Observons la chose suivante:
plus une substance est grossière, moins elle s'extériorise
par la propre force (ou énergie, ndt) qu'elle renferme. Plus une substance
est subtile, plus elle exerce des effets puissants sur son environnement.
Un morceau de glace exerce moins d'effet sur le monde qui l'entoure que la
même substance lorsqu'elle est rendue plus subtile en fondant et en
donnant de l'eau. Comme tout ce qui est liquide, l'eau aspire à agir
sur le monde environnant. Lorsque l'eau est rendue encore plus volatile et
subtile, sous l'effet d'une chaleur plus intense, elle possède alors
un effet encore plus grand sous la forme de vapeur d'eau. Nous pouvons donc
conclure de cette observation que plus la substance est subtile, plus intense
est sa force dans le monde environnant. Les substances dans un état
plus subtile sont des forces qui agissent au sein des substances dans un
état plus grossier, qui s'infiltrent dans les espaces interatomiques
du reste des substances, dilatent et affinent les atomes, en les attirant
l'un contre l'autre, si bien que cet affinement de la substance la rendra
plus continue qu'elle n'était auparavant. Dans le solide, il n'existe
pas de substances réellement en contact. Tous les atomes physiques
sont disposés de telle manière qu'ils oscillent dans un champ
et ne se touchent en aucun point. À quel point les substances physiques
sont divisibles, c'est ce que nous voyons tous dans le procédé
par lequel nous détachons des parties de substance solides au moyen
d'interventions mécaniques ou bien par élimination chimique.

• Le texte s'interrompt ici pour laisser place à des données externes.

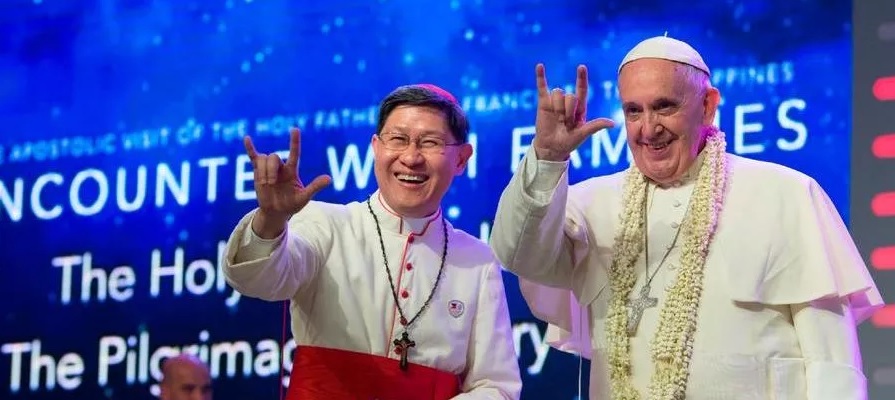 Kardinal Luis Antonio Tagle und Papst Franziskus.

De la même manière, nous ne pouvons pas détacher des
parties de substances liquides ou gazeuses. Que je prélève
une partie d'une certaine quantité d'eau en la puisant, le "vide"
ainsi formé se comble aussitôt par l'eau restante, qui afflue
pour le remplir. L'élément liquide ne souffre d'aucun partage
de la façon dont on procède pour l'élément solide.
Il détient aussi la force de combler tout vide; ce que le solide,
de cette
façon et à partir de sa propre force, ne peut pas faire. Si
j'enlève quelque chose de solide et que je le transporte en un autre
lieu, l'élément solide, qui entoure le vide ainsi créé
dans la substance, ne tend pas à le combler. Mais l'eau, elle, nous
savons qu'elle s'y efforce. Et il est connu que toute eau sur la terre se
trouve perpétuellement en mouvement, en coulant ou en s'évaporant
d'une part, et en se condensant, d'autre part. Qu'un vide surgisse n'importe
où dans ce qui s'écoule, et tout élément liquide
de l'environnement tend à venir combler ce vide. C'est là-dessus
que repose toute mise en oeuvre avec l'énergie hydraulique. Nous pouvons
conclure de ces observations que tout élément liquide de la
terre s'efforce toujours de remplir les vides là où ils surgissent
au sein de cet élément liquide. Quelle force se révèle
ainsi dans l'élément liquide, c'est ce que nous reconnaissons
dans le fait que celui-ci imprègne tout solide, le dissout, l'entraîne
dans ses flots et se fraye un passage au travers. Nous observons ces mêmes
lois de l'élément liquide chez l'élément gazeux;
lui aussi ne tolère aucun vide. Des vides au sein de la substance
gazeuse sont aussitôt comblés par la substance environnante.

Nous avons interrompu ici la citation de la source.